The OA advantage is greater for the more citablearticles, not because of a quality bias from authors self-selecting what to make OA, but because of a quality advantage, from users self-selecting what to use and cite, freed by OA from the constraints of selective accessibility to subscribers only. Articles whose authors have supplemented subscription-based access to the publisher’s version by self-archiving their own final draft to make it accessible free for all on the web are cited significantly more than articles in the same journal and year that have not been made OA (Gargouri & al, 2010). This was demonstrated in our previous sample of articles published between 2002 and 2006. This is now extended to cover 63,518 articles (13,425 are mandated and 50,093 are nonmandated) published between 2002 and 2009 in 5,992 journals. This is not a random sample of articles. The sample is based on determining which articles are deposited in the mandated repositories, and then 10 keyword-matched controls are randomly selected from the same journal and year as each article.

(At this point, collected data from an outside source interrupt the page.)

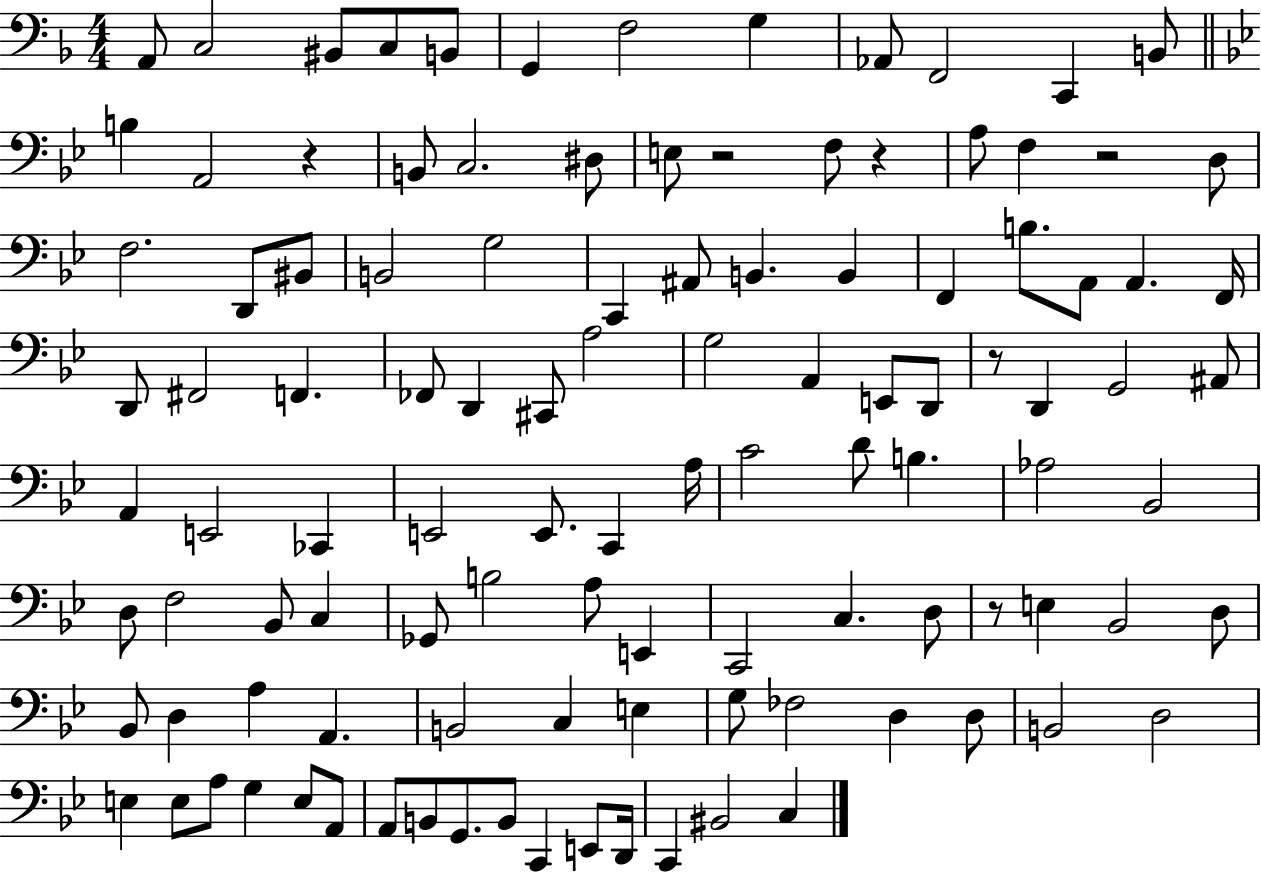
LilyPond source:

{
  \clef bass
  \numericTimeSignature
  \time 4/4
  \key f \major
  \repeat volta 2 { a,8 c2 bis,8 c8 b,8 | g,4 f2 g4 | aes,8 f,2 c,4 b,8 | \bar "||" \break \key bes \major b4 a,2 r4 | b,8 c2. dis8 | e8 r2 f8 r4 | a8 f4 r2 d8 | \break f2. d,8 bis,8 | b,2 g2 | c,4 ais,8 b,4. b,4 | f,4 b8. a,8 a,4. f,16 | \break d,8 fis,2 f,4. | fes,8 d,4 cis,8 a2 | g2 a,4 e,8 d,8 | r8 d,4 g,2 ais,8 | \break a,4 e,2 ces,4 | e,2 e,8. c,4 a16 | c'2 d'8 b4. | aes2 bes,2 | \break d8 f2 bes,8 c4 | ges,8 b2 a8 e,4 | c,2 c4. d8 | r8 e4 bes,2 d8 | \break bes,8 d4 a4 a,4. | b,2 c4 e4 | g8 fes2 d4 d8 | b,2 d2 | \break e4 e8 a8 g4 e8 a,8 | a,8 b,8 g,8. b,8 c,4 e,8 d,16 | c,4 bis,2 c4 | } \bar "|."
}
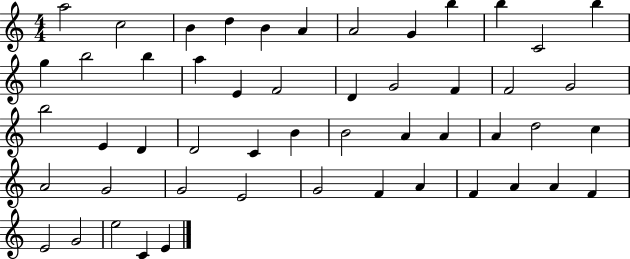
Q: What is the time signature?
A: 4/4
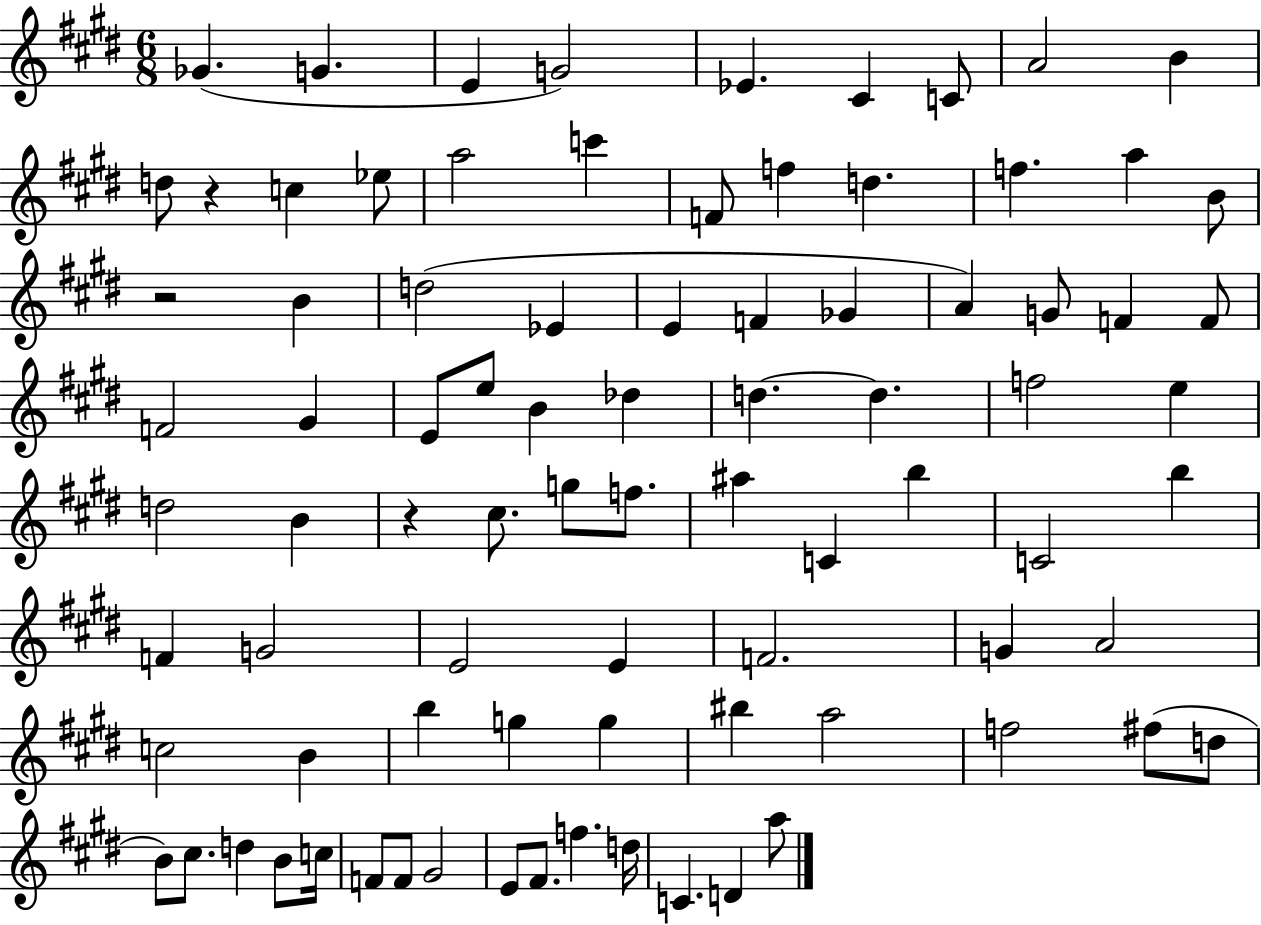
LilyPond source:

{
  \clef treble
  \numericTimeSignature
  \time 6/8
  \key e \major
  \repeat volta 2 { ges'4.( g'4. | e'4 g'2) | ees'4. cis'4 c'8 | a'2 b'4 | \break d''8 r4 c''4 ees''8 | a''2 c'''4 | f'8 f''4 d''4. | f''4. a''4 b'8 | \break r2 b'4 | d''2( ees'4 | e'4 f'4 ges'4 | a'4) g'8 f'4 f'8 | \break f'2 gis'4 | e'8 e''8 b'4 des''4 | d''4.~~ d''4. | f''2 e''4 | \break d''2 b'4 | r4 cis''8. g''8 f''8. | ais''4 c'4 b''4 | c'2 b''4 | \break f'4 g'2 | e'2 e'4 | f'2. | g'4 a'2 | \break c''2 b'4 | b''4 g''4 g''4 | bis''4 a''2 | f''2 fis''8( d''8 | \break b'8) cis''8. d''4 b'8 c''16 | f'8 f'8 gis'2 | e'8 fis'8. f''4. d''16 | c'4. d'4 a''8 | \break } \bar "|."
}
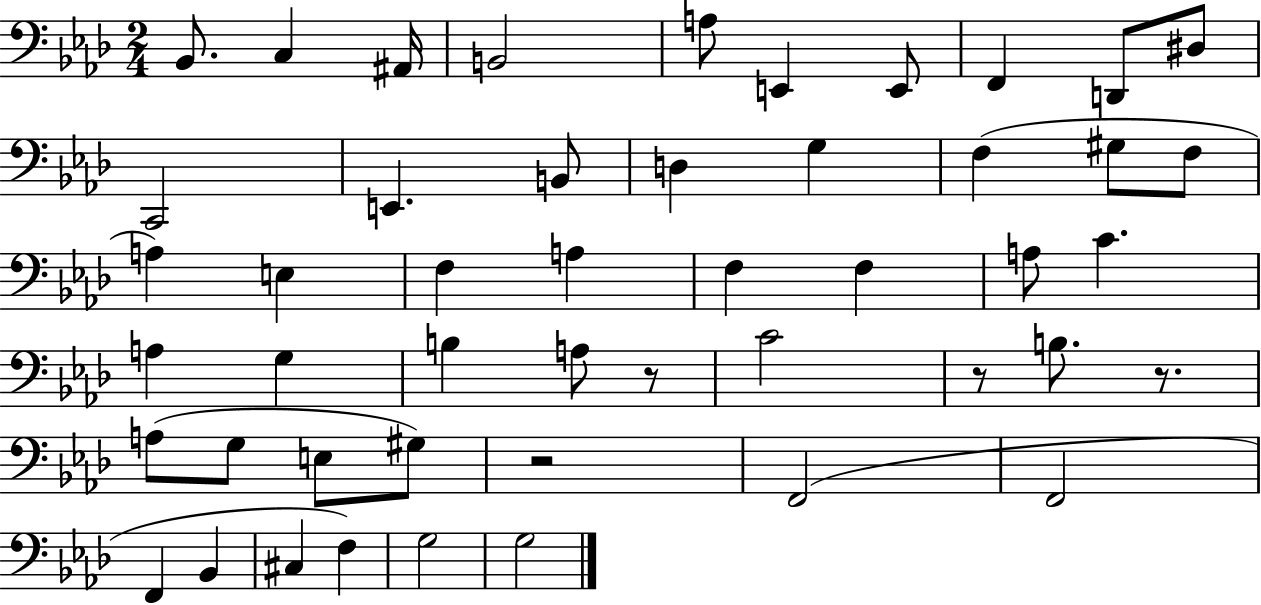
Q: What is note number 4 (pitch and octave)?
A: B2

In this 2009 sample, an average of 64% of each of the four mandated institutions’ total yearly article output was self-archived and hence made OA, as mandated. The corresponding percentage OA among the control articles published in the same journal/year (but originating from other, presumably nonmandated institutions) was 21%, or close to the frequently reported global spontaneous baseline rate of about 15-20% for self-selected (nonmandated) self-archiving (Table 1). In other words, about 21% of these papers were self-selectively self-archived when it was not mandated, whereas an average of 64% were self-archived when it was mandated (Figure 1).
Table 1: Counts of mandated and nonmandated articles
2. Citation Ratios Comparing the Yearly OA Impact advantage for Self-Selected vs Mandatory
Averages across the sample of four institutions with self-archiving mandates confirm the significantly higher citation counts for OA articles (symbolized here as “O”) compared to matched control non-OA articles (symbolized here as “Ø”) published in the same journal and year. They are compared as O/Ø log ratios in the seven comparisons (Figure 2). (The first comparison, O/Ø, for example, is the arithmetic mean of all the (log) ratios O/Ø for each of the 8 years.) OA articles are more highly cited irrespective of whether the OA is Self-Selected (S) or Mandated (M). The O/Ø Advantage is present for mandated OA (OM/ØS) and is of about the same magnitude irrespective of whether we compare the S ratios with the M ratios for the entire control sample (OS/Ø vs OM/Ø) or just compare S alone with M alone (OS/ØS vs OM/ØM).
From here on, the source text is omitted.